__Your goal__.
Omit all pictures and transcribe only the lines in the entries below that run from the line with "State Finals Carroll Football Hoodie" through the line with "2022年最具影响力的足球明星盘点与精彩表现分析".

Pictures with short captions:
------

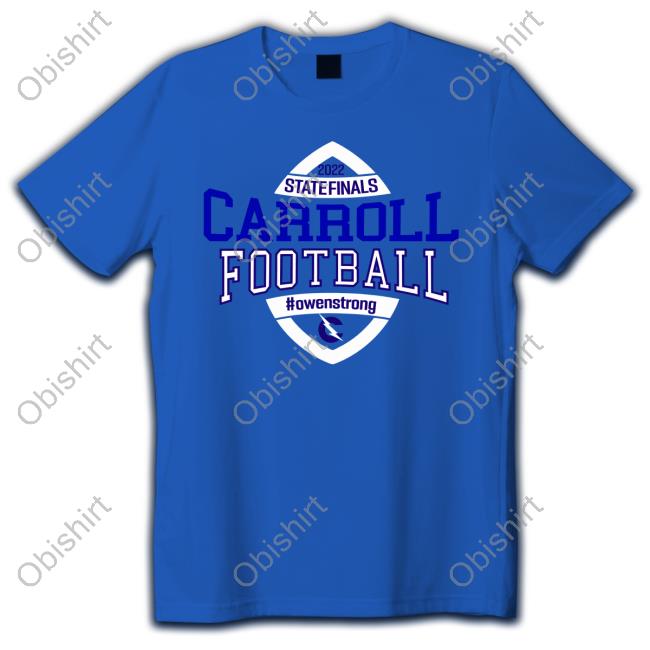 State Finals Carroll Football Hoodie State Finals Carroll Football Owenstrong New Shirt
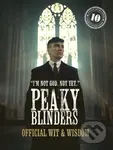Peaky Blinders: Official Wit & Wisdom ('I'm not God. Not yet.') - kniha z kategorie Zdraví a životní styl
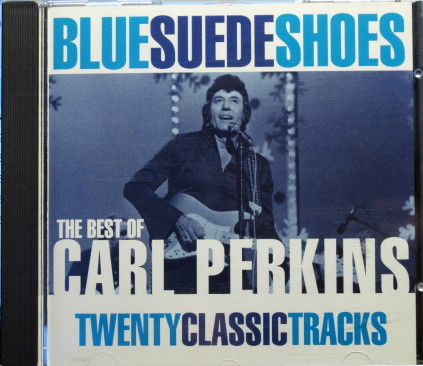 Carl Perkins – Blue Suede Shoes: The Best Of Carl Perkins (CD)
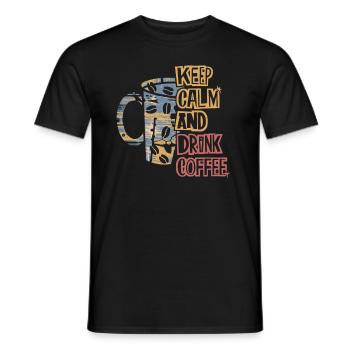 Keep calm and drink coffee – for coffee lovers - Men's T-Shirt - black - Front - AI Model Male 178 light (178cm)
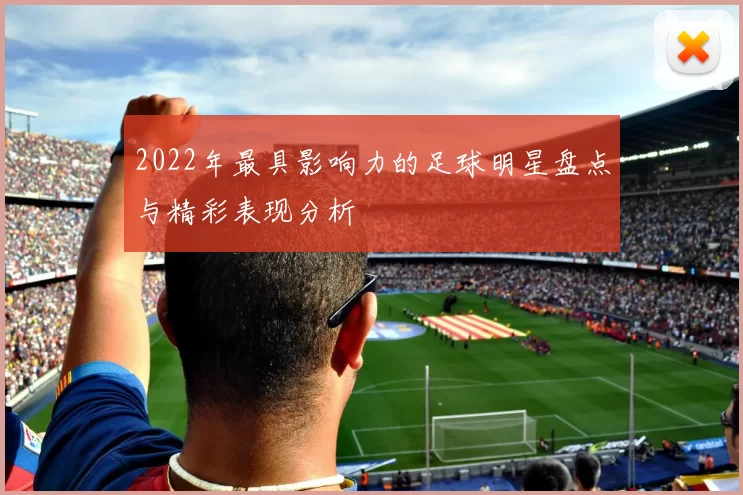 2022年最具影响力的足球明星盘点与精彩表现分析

------

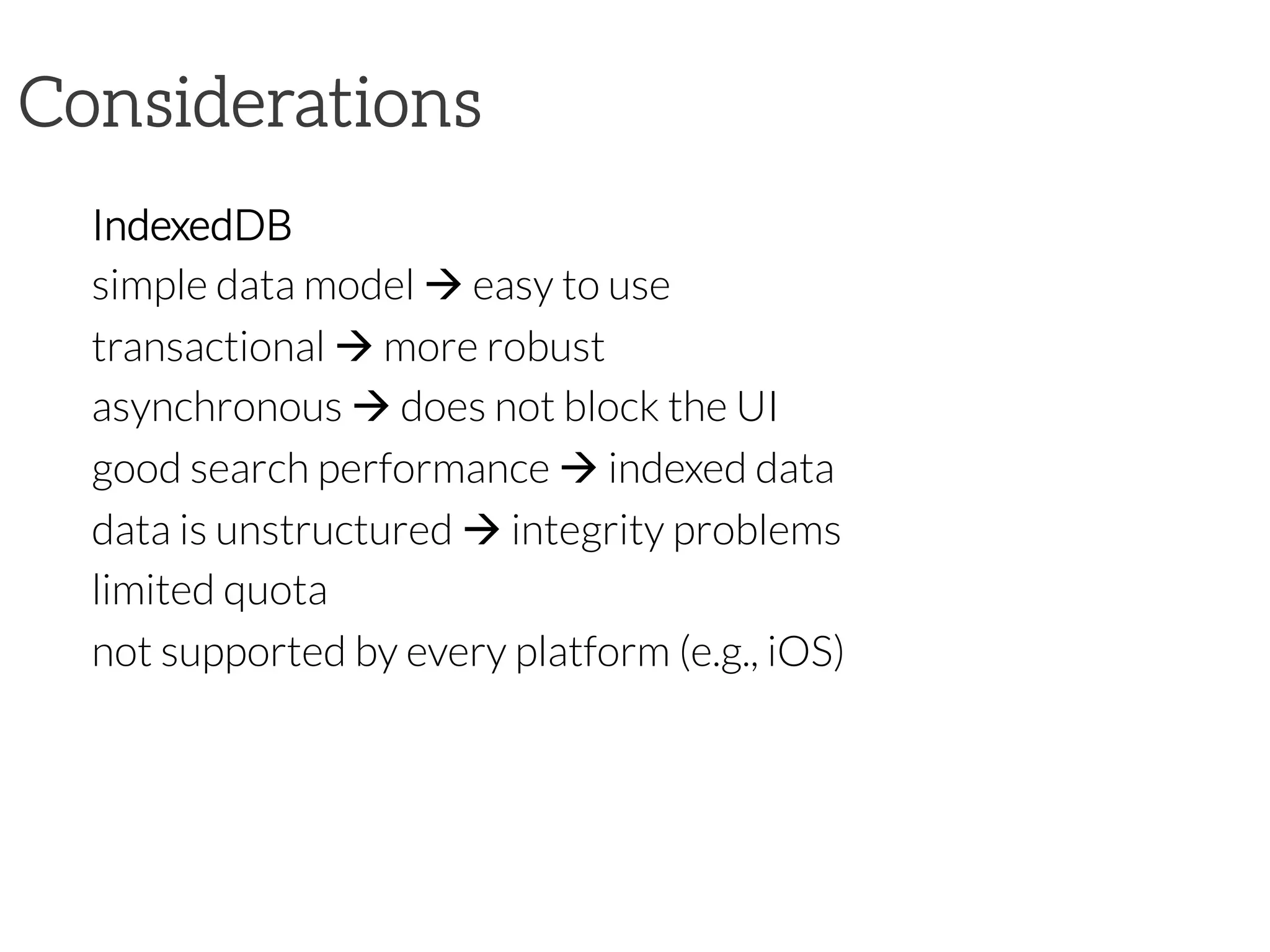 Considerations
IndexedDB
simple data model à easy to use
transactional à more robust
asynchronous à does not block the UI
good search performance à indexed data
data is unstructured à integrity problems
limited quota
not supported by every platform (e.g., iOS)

------

__Task answer__.
 State Finals Carroll Football Hoodie State Finals Carroll Football Owenstrong New Shirt
Peaky Blinders: Official Wit & Wisdom ('I'm not God. Not yet.') - kniha z kategorie Zdraví a životní styl
 Carl Perkins – Blue Suede Shoes: The Best Of Carl Perkins (CD)
 Keep calm and drink coffee – for coffee lovers - Men's T-Shirt - black - Front - AI Model Male 178 light (178cm)
 2022年最具影响力的足球明星盘点与精彩表现分析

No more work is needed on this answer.